- Portrayed by: Felice Arena
- First appearance: 5 May 1992
- Last appearance: 18 November 1992
- Introduced by: Don Battye

= Marco Alessi =

Marco Alessi is a fictional character from the Australian soap opera Neighbours, played by Felice Arena. He made his first screen appearance as Marco during the episode broadcast on 5 May 1992. Marco was the first character introduced from the show's new Alessi family. He joined cousins and established characters Caroline Alessi (Gillian Blakeney) and Christina Robinson (Gayle Blakeney) in Ramsay Street. His parents Benito (George Spartels) and Cathy Alessi (Elspeth Ballantyne) with sibling Rick Alessi (Dan Falzon) soon followed. Arena was happy to portray an Italian character because it resembled himself - noting that characters of a different ethnicity were rare on the show.

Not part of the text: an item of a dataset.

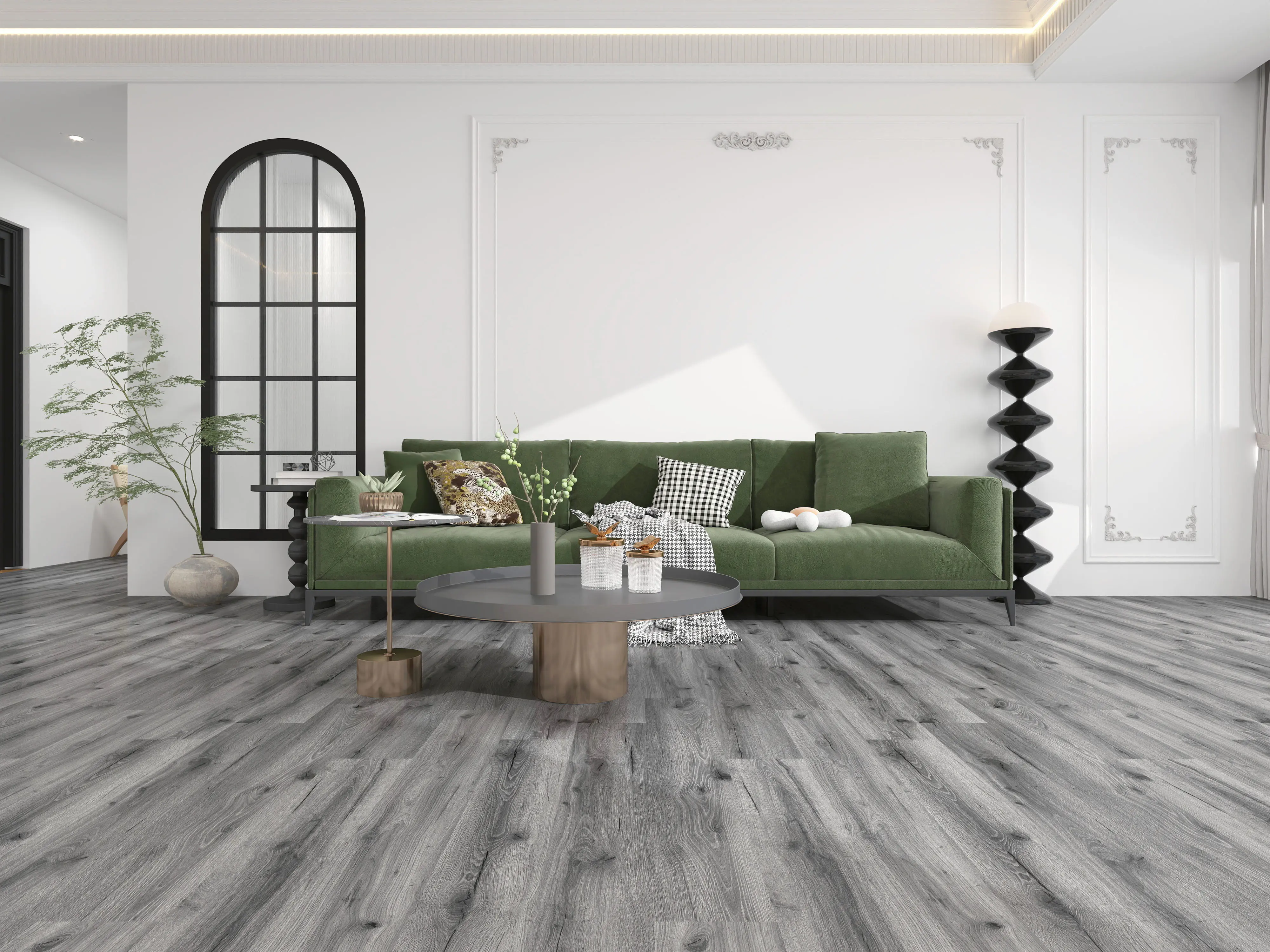 Grey Wood Oak Premium 3mm LVT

The character is passionate about everything he chooses to do. He has a big ego and a lot of pride. Marco's first storyline was an unrequited love with Beth Brennan (Natalie Imbruglia). Marco has an "Italian hotheadedness" character trait that leads him into trouble where money is concerned. His involvement with loan sharks builds up to his departure storyline. Off-screen Arena had decided to leave the show and Marco last appeared on-screen in the episode dated 18 November 1992.

==Development==

===Introduction and family===
Arena played Marco during 1992. He previously played the bit part of Bob Cooper in the serial, after winning a talent-spotting competition. Arena had to audition in front of a casting director and Neighbours cast members. A year later, he was offered the role of Marco. The role "fell into his lap" after he auditioned for the serial on four separate occasions. The timing was "perfect" as he had recently returned to Australia, following a trip to Hollywood in an effort to secure work. He stated "I really believe it was fate, going back there then. Thank God I bombed out in Hollywood, otherwise I wouldn't be here now."

Alex Cramb from Inside Soap detailed how as Elspeth Ballantyne had been cast as Cathy Alessi, the head of the show's "hottest new family". She brings her two "hunky" sons Marco and younger brother Rick Alessi (Dan Falzon). Marco was the first member of the new Alessi family to arrive in Ramsay Street. He joined his cousins and already established characters Caroline Alessi (Gillian Blakeney) and Christina Robinson (Gayle Blakeney) on-screen. Rick along with mother and father, Cathy and Benito (George Spartels) soon followed. Born to Italian parents, Arena was delighted to portray a character with a similar background to his own. He stated that "it's a real breakthrough and about time, I'm not your usual Aussie surfer type." He was not nervous about joining the cast. But on his first day of filming he became nervous during scenes in the Coffee Shop. But Marco secures a job as a waiter there and Arena told an Inside Soap writer that a majority of his scenes occurred on that particular set.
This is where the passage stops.